### WHAT NEEDS TO BE DONE
Repeat exactly the lines below from the line that contains "Christopher McDonald Shooter" to the last line, inclusive, without the pictures.

### DATA
►
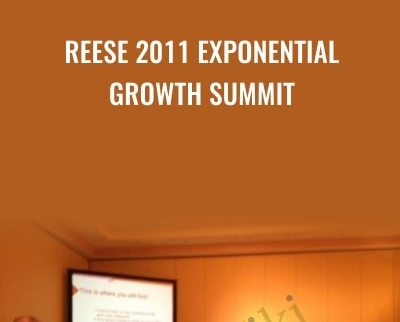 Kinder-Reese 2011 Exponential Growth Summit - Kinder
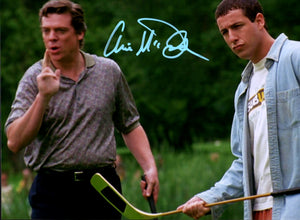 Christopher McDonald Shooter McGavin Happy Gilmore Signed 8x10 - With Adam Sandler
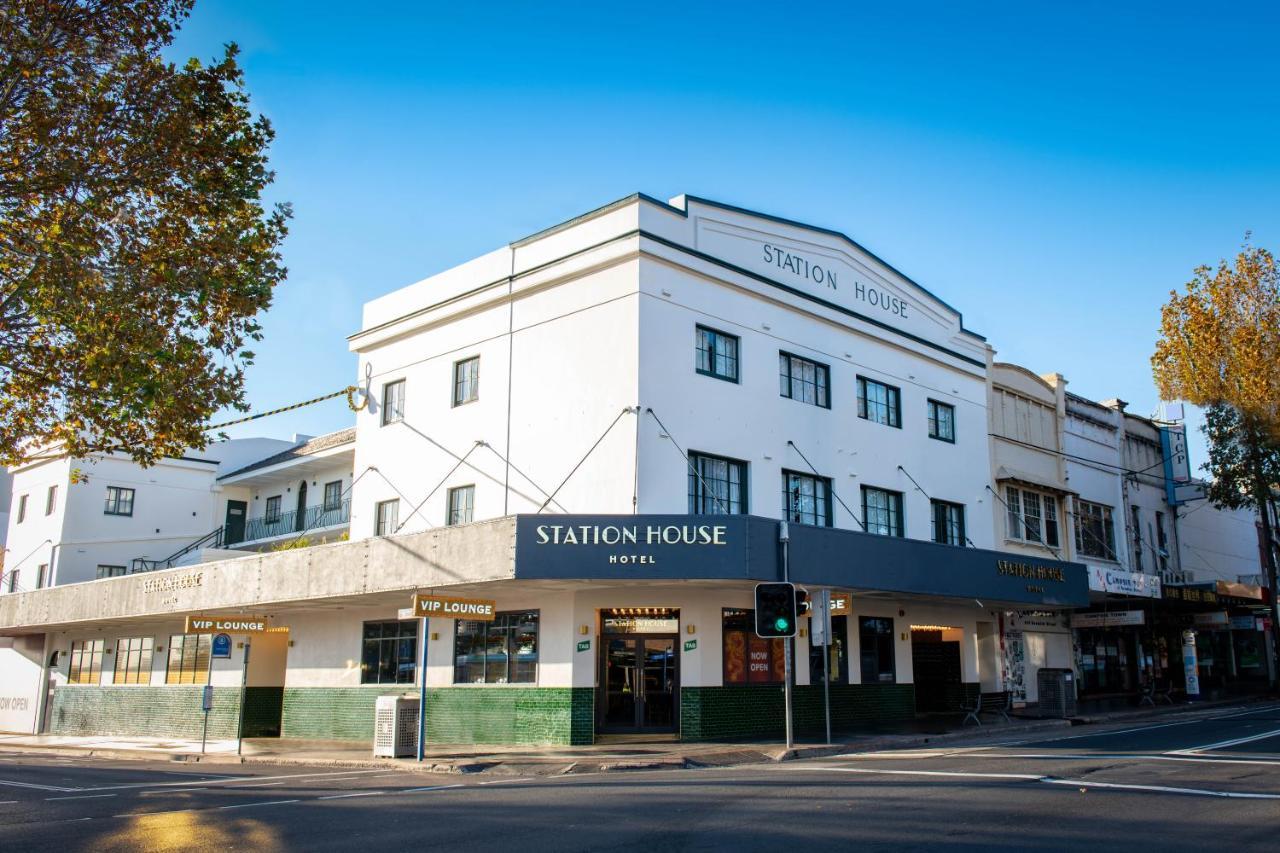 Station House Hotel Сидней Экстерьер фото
◄
### TASK ANSWER
 Christopher McDonald Shooter McGavin Happy Gilmore Signed 8x10 - With Adam Sandler
 Station House Hotel Сидней Экстерьер фото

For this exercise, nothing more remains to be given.